However, we repeated the test on our staging server and found that we
reproduced the original problem. In addition, the live CI trace feature
flag had been activated on staging. Since the problem occurred with and
without the feature, we could eliminate that feature as a possible
cause.

Perhaps something with the GitLab server environment caused a
problem. For example, could the load balancers be rate-limiting the
runners? As an experiment, we pointed a private runner at the staging
server and re-ran the test. This time, it succeeded: the output was
shown. That seemed to suggest that the problem had more to do with the
runner than with the server.

## Docker Machine vs. Docker

One key difference between the two tests: One runner used a shared,
autoscaled runner using a [Docker
Machine](https://docs.docker.com/machine/overview/) executor, and the
private runner used a [Docker
executor](https://docs.gitlab.com/runner/executors/docker.html).

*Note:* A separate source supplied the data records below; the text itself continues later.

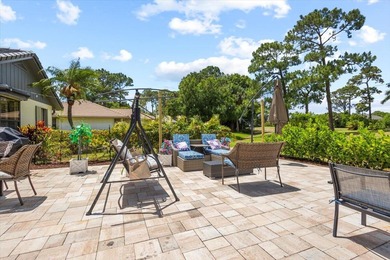 Discover the perfect blend of luxury and comfort in this on St. Lucie Trail Golf Club in Florida - for sale on GolfHomes.com, golf home, golf lot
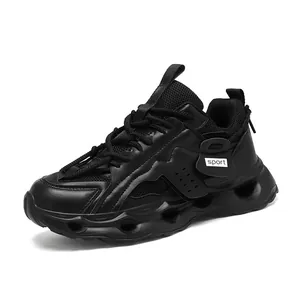 Women's chunky black platform sneakers with breathable mesh and sport label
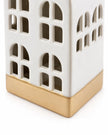 White ceramic LED light-up house decor by Sifcon, featuring a charming miniature illuminated home for cozy home accents.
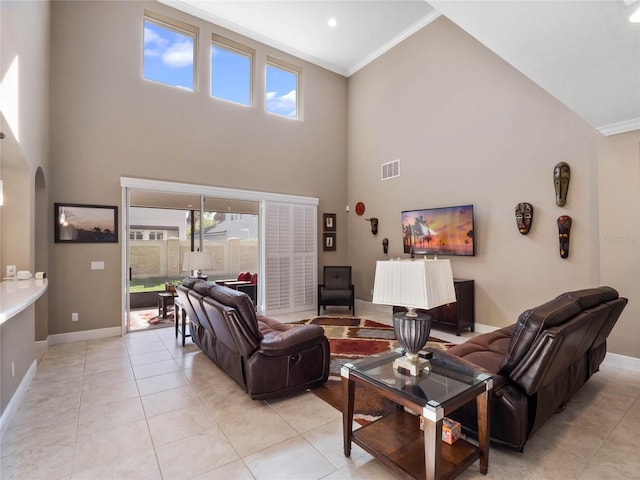 living room featuring arched walkways, visible vents, baseboards, and light tile patterned floors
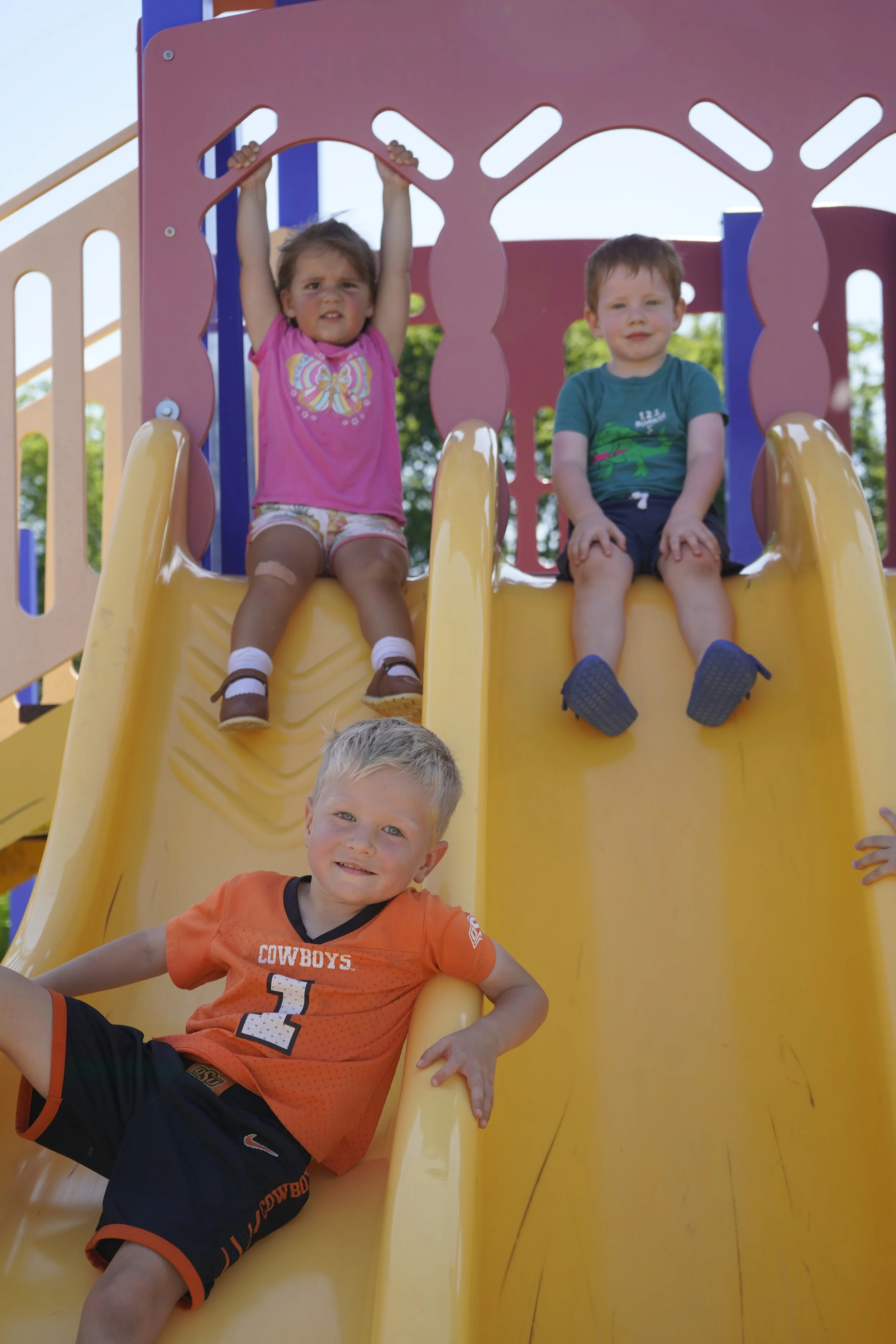 Three children playing on a yellow slide at a playground. The girl in pink is hanging from the top of the slide, the girl in green and black is sitting on the slide near the top, and the boy in orange is sliding down at the bottom. The background shows a blue sky and some trees.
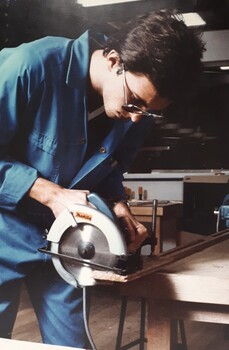 Man in blue coveralls uses a circular saw on a piece of wood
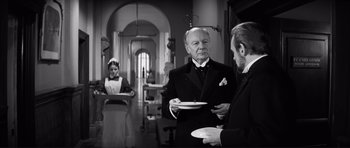 Movie still from “The Elephant Man” (1980), directed by David Lynch – A man and a woman holding plates in a room; Medium shot, Over the shoulder angle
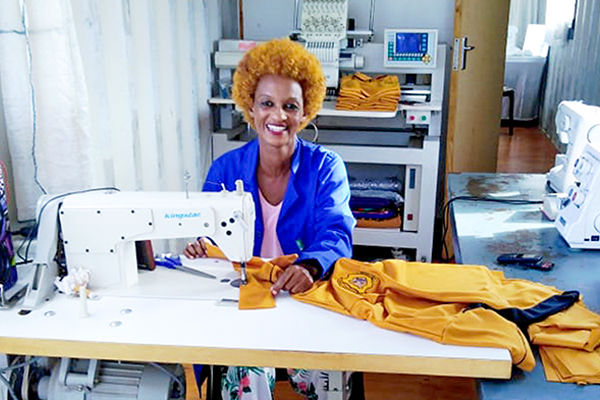 Eine Schneiderin in Südafrika näht eine Schuluniform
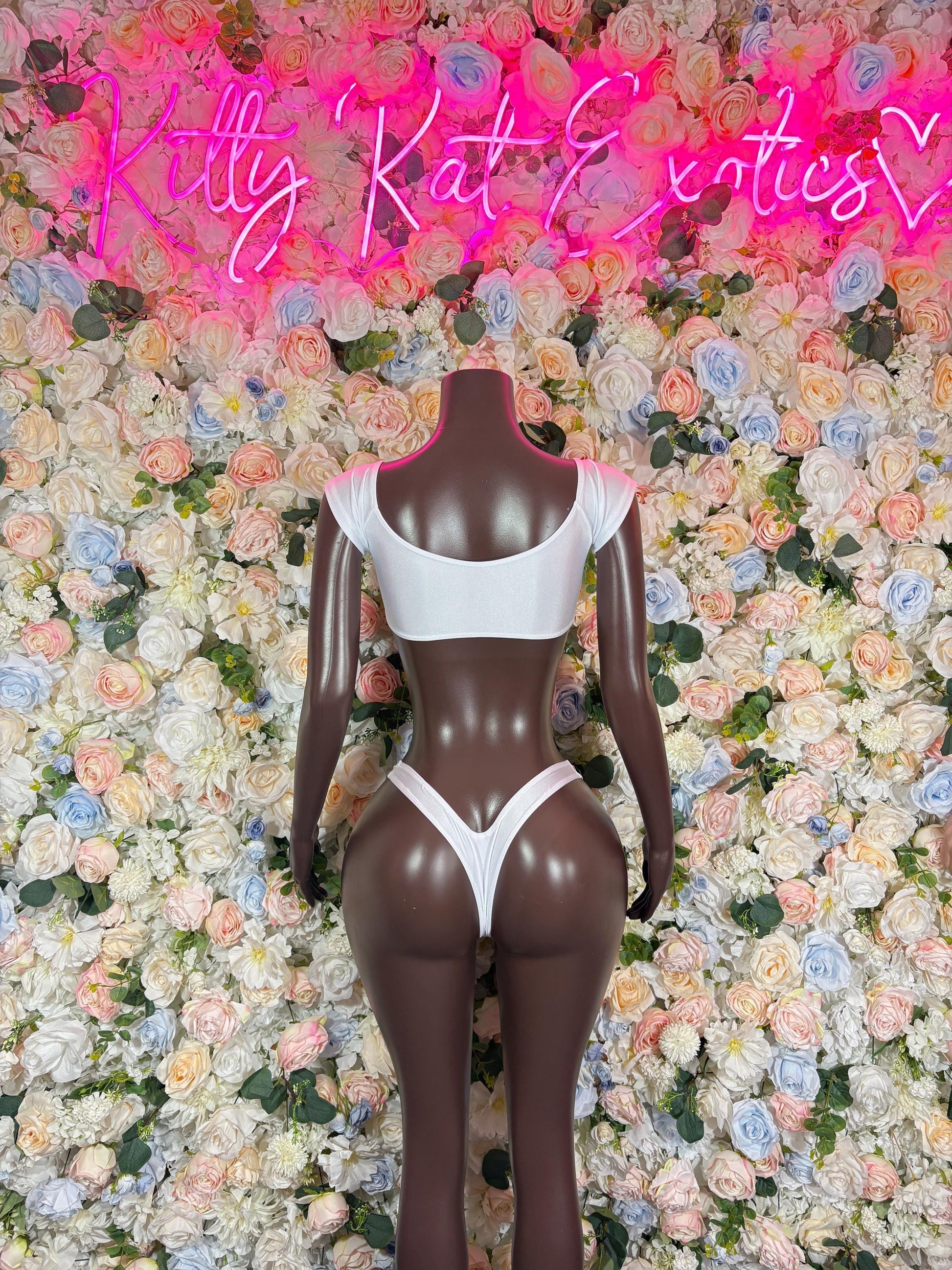 White strappy two-piece dancewear set with open-back triangle bra and thong bottoms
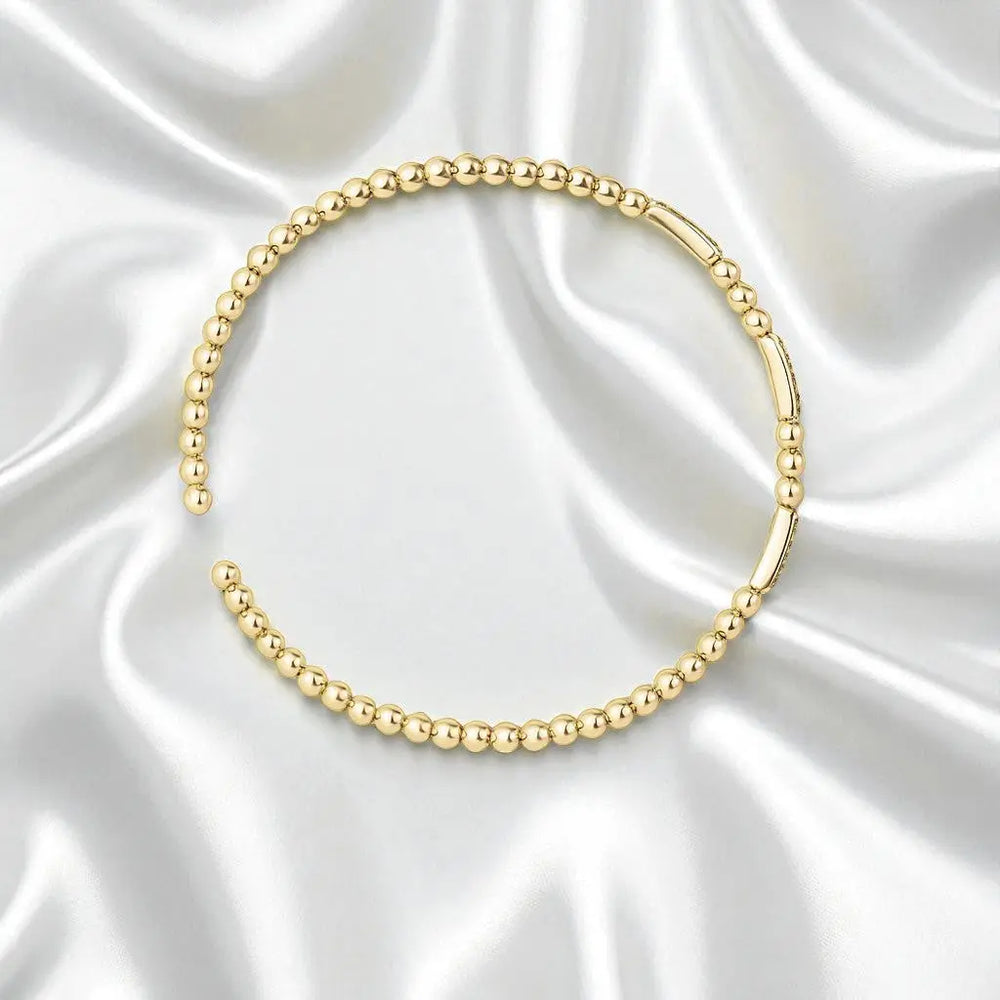 
                      
                        Goudkleurige bolletjes flexarmband met zirkonia stenen  Victoria Valenza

What does Docker Machine do exactly? The following diagram may help
illustrate:

![Docker Machine](https://docs.docker.com/machine/img/machine.png){: .medium.center}

The top-left shows a local Docker instance. When you run Docker from the
command-line interface (e.g., `docker attach my-container`), the program
just makes [REST calls to the Docker Engine
API](https://docs.docker.com/engine/api/v1.40/).

The rest of the diagram shows how Docker Machine fits into the
picture. Docker Machine is an entirely separate program. The GitLab
Runner shells out to `docker-machine` to create and destroy virtual
machines using cloud-specific (e.g. Amazon, Google, etc.) drivers. Once
a machine is running, the runner then uses the Docker Engine API to run,
watch, and stop containers.

Note that this API is used securely over an HTTPS connection. This is an
important difference between the Docker Machine executor and Docker
executor: The former needs to communicate across the network, while the
latter can either use a local TCP socket or UNIX domain socket.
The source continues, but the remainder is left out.